O debate sobre as questões socioambientais, e os impactos dos projetos hidroelétricos no sudeste do Pará pautou inicialmente as experiências sociais dos atingidos por obras no Rio Tocantins. Assim, após a exibição do documentário “Tocantins rio afogado”, Esmael Rodrigues Siqueira, membro da Associação das Populações Organizadas Vítimas das Obras no Rio Tocantins e Adjacências – APOVO relatou várias situações decorrentes da implantação da UHE de Tucuruí, de sua ampliação e da construção das eclusas.

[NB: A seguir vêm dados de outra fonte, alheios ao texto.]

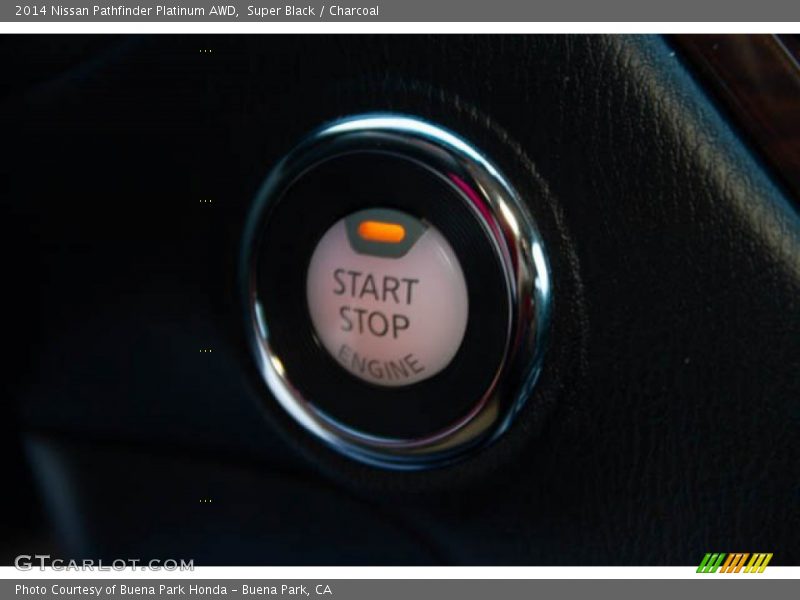 Super Black / Charcoal 2014 Nissan Pathfinder Platinum AWD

Para Esmael que vive em Tucuruí: “é triste o que acontece na construção de hidrelétrica”. Um dos problemas está na perda das terras, houve “pessoas que contavam com até 20 alqueires de terra e que receberam a promessa do remanejamento”. Entretanto, transferidos para outras áreas, sofreram com a “malária e pistolagem” e sem a segurança de novo local de moradia e trabalho. Outra questão apontada é o fato de que cada vez mais se alude a problemática da água e de sua escassez no mundo. Entretanto, as barragens vêm poluindo em enormes quantidades, afirma Esmael. Para o palestrante, nesse caso é ilustrativo o que ocorreu com as “madeiras mortas com o agente laranja e afogadas no lago de Tucuruí”. Além disso, nas construções utilizam-se produtos como a amônia e que tendem a contaminar as águas que são consumidas por ribeirinhos, moradores de ilhas.

Esmael relatou ainda, que Tucuruí passou a enfrentar questões de abastecimento, uma vez que a população que plantava, deixou de plantar. E que desde as primeiras demissões das construtoras os problemas sociais e a violência se adensaram no município e, sobretudo na cidade. Além disso, em termos sociais e ambientais no referente as “condicionantes” acordadas para a construção da barragem elas não são cumpridas. O Estado e suas agências não têm atuado nesse sentido. Já os movimentos sociais na medida em que atuam, protestam, tendem a ser criminalizados e reprimidos.

Ele acrescentou também que a construção de Unidades de Conservação que foi uma demanda dos próprios movimentos sociais e atingidos por barragem na região do lago de Tucuruí, passou a ser um problema a medida em que não houve investimentos, administração e atuação condizente com as expectativas que se tinha ao criá-las. Em muitas delas as pessoas enfrentam e estão expostas a problemas ambientais e de saúde.

As atividades do projeto Mapeamento Social em Tucuruí aconteceram no mês de junho e outubro de 2013, das quais está sendo elaborado o Boletim Informativo com a descrição das situações e dos grupos sociais afetados pela UHE Tucuruí.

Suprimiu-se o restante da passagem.